Shaner Nathan C, Lin Michael Z, McKeown Michael R, Steinbach Paul A, Hazelwood Kristin L, Davidson Michael W, Tsien Roger Y
Department of Pharmacology, University of California at San Diego, 9500 Gilman Drive, La Jolla, California 92093, USA.
Nat Methods. 2008 Jun;5(6):545-51. doi: 10.1038/nmeth.1209. Epub 2008 May 4.
All organic fluorophores undergo irreversible photobleaching during prolonged illumination. Although fluorescent proteins typically bleach at a substantially slower rate than many small-molecule dyes, in many cases the lack of sufficient photostability remains an important limiting factor for experiments requiring large numbers of images of single cells. Screening methods focusing solely on brightness or wavelength are highly effective in optimizing both properties, but the absence of selective pressure for photostability in such screens leads to unpredictable photobleaching behavior in the resulting fluorescent proteins. Here we describe an assay for screening libraries of fluorescent proteins for enhanced photostability. With this assay, we developed highly photostable variants of mOrange (a wavelength-shifted monomeric derivative of DsRed from Discosoma sp.) and TagRFP (a monomeric derivative of eqFP578 from Entacmaea quadricolor) that maintain most of the beneficial qualities of the original proteins and perform as reliably as Aequorea victoria GFP derivatives in fusion constructs.
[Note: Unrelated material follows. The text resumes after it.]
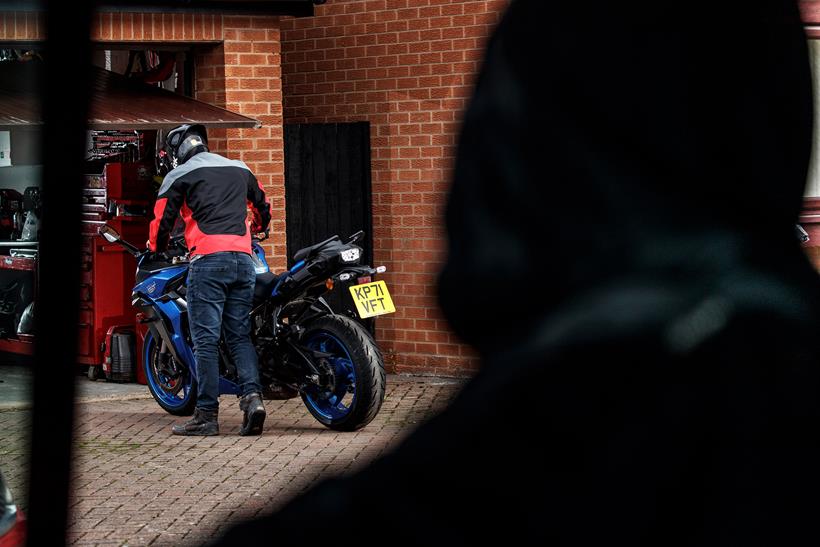 A motorcycle thief scoping out a garage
在长时间光照下,所有有机荧光团都会发生不可逆的光漂白。尽管荧光蛋白的漂白速度通常比许多小分子染料慢得多,但在许多情况下,光稳定性不足仍然是需要对单个细胞进行大量成像的实验的一个重要限制因素。仅关注亮度或波长的筛选方法在优化这两个特性方面非常有效,但此类筛选中缺乏对光稳定性的选择压力会导致所得荧光蛋白出现不可预测的光漂白行为。在此,我们描述了一种用于筛选荧光蛋白文库以增强光稳定性的检测方法。通过该检测方法,我们开发了mOrange(来自盘状珊瑚属(Discosoma sp.)的DsRed的波长偏移单体衍生物)和TagRFP(来自四色海葵(Entacmaea quadricolor)的eqFP578的单体衍生物)的高光稳定性变体,这些变体保留了原始蛋白的大部分有益特性,并且在融合构建体中的表现与维多利亚水母(Aequorea victoria)绿色荧光蛋白衍生物一样可靠。